DIRECTIONS FOR THIS TASK: Only the lines from the one containing "30, Broadleaf, Banbury-Don Mills, Toronto" through the end of the listing below belong in your answer; retype them exactly.

DATA RECORDS:

---*---

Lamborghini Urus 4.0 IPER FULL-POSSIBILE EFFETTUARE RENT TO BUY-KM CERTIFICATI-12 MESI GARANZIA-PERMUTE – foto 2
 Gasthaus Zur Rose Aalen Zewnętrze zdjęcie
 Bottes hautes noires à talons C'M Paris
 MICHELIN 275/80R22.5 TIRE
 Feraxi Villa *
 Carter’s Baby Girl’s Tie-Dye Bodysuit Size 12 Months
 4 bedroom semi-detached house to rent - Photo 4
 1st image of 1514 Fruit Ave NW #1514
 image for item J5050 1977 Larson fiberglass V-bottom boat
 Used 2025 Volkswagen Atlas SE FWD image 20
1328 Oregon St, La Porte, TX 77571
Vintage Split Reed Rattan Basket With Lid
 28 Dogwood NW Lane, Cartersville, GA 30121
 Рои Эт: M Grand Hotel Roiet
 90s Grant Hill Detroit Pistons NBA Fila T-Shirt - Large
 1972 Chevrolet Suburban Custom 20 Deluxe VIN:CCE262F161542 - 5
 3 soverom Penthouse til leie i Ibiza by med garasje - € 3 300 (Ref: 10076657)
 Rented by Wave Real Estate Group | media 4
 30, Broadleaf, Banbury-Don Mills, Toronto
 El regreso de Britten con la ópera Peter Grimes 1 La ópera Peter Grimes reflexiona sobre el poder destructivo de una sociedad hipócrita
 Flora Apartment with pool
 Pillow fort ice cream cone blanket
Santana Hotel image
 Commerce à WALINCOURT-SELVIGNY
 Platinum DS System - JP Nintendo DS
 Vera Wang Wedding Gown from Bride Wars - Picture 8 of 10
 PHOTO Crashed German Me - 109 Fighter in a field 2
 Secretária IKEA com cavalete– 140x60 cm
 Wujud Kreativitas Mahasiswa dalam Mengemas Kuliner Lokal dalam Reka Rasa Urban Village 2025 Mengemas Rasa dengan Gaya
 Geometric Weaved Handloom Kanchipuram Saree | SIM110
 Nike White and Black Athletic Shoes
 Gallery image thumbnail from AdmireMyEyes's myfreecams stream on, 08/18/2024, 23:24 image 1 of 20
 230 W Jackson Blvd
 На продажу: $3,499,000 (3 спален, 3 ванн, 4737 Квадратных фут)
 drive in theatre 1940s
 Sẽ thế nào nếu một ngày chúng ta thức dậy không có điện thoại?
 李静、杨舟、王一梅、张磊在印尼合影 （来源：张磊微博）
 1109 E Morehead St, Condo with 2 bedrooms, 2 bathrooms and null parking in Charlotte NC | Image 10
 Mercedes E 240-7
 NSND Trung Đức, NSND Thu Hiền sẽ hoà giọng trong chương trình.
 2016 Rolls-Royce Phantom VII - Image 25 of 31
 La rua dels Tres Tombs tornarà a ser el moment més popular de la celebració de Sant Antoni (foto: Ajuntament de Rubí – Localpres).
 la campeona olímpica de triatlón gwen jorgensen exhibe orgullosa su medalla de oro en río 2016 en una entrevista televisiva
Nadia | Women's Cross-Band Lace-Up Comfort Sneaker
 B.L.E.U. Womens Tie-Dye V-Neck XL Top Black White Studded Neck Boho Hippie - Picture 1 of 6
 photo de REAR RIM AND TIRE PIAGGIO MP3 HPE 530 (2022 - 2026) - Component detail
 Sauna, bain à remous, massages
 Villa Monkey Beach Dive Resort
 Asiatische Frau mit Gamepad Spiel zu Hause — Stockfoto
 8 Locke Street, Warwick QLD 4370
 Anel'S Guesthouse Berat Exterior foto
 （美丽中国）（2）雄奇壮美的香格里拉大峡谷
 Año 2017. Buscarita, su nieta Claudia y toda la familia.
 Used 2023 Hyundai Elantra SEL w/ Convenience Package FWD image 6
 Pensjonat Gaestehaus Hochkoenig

---*---

REPLY:
 30, Broadleaf, Banbury-Don Mills, Toronto
 El regreso de Britten con la ópera Peter Grimes 1 La ópera Peter Grimes reflexiona sobre el poder destructivo de una sociedad hipócrita
 Flora Apartment with pool
 Pillow fort ice cream cone blanket
Santana Hotel image
 Commerce à WALINCOURT-SELVIGNY
 Platinum DS System - JP Nintendo DS
 Vera Wang Wedding Gown from Bride Wars - Picture 8 of 10
 PHOTO Crashed German Me - 109 Fighter in a field 2
 Secretária IKEA com cavalete– 140x60 cm
 Wujud Kreativitas Mahasiswa dalam Mengemas Kuliner Lokal dalam Reka Rasa Urban Village 2025 Mengemas Rasa dengan Gaya
 Geometric Weaved Handloom Kanchipuram Saree | SIM110
 Nike White and Black Athletic Shoes
 Gallery image thumbnail from AdmireMyEyes's myfreecams stream on, 08/18/2024, 23:24 image 1 of 20
 230 W Jackson Blvd
 На продажу: $3,499,000 (3 спален, 3 ванн, 4737 Квадратных фут)
 drive in theatre 1940s
 Sẽ thế nào nếu một ngày chúng ta thức dậy không có điện thoại?
 李静、杨舟、王一梅、张磊在印尼合影 （来源：张磊微博）
 1109 E Morehead St, Condo with 2 bedrooms, 2 bathrooms and null parking in Charlotte NC | Image 10
 Mercedes E 240-7
 NSND Trung Đức, NSND Thu Hiền sẽ hoà giọng trong chương trình.
 2016 Rolls-Royce Phantom VII - Image 25 of 31
 La rua dels Tres Tombs tornarà a ser el moment més popular de la celebració de Sant Antoni (foto: Ajuntament de Rubí – Localpres).
 la campeona olímpica de triatlón gwen jorgensen exhibe orgullosa su medalla de oro en río 2016 en una entrevista televisiva
Nadia | Women's Cross-Band Lace-Up Comfort Sneaker
 B.L.E.U. Womens Tie-Dye V-Neck XL Top Black White Studded Neck Boho Hippie - Picture 1 of 6
 photo de REAR RIM AND TIRE PIAGGIO MP3 HPE 530 (2022 - 2026) - Component detail
 Sauna, bain à remous, massages
 Villa Monkey Beach Dive Resort
 Asiatische Frau mit Gamepad Spiel zu Hause — Stockfoto
 8 Locke Street, Warwick QLD 4370
 Anel'S Guesthouse Berat Exterior foto
 （美丽中国）（2）雄奇壮美的香格里拉大峡谷
 Año 2017. Buscarita, su nieta Claudia y toda la familia.
 Used 2023 Hyundai Elantra SEL w/ Convenience Package FWD image 6
 Pensjonat Gaestehaus Hochkoenig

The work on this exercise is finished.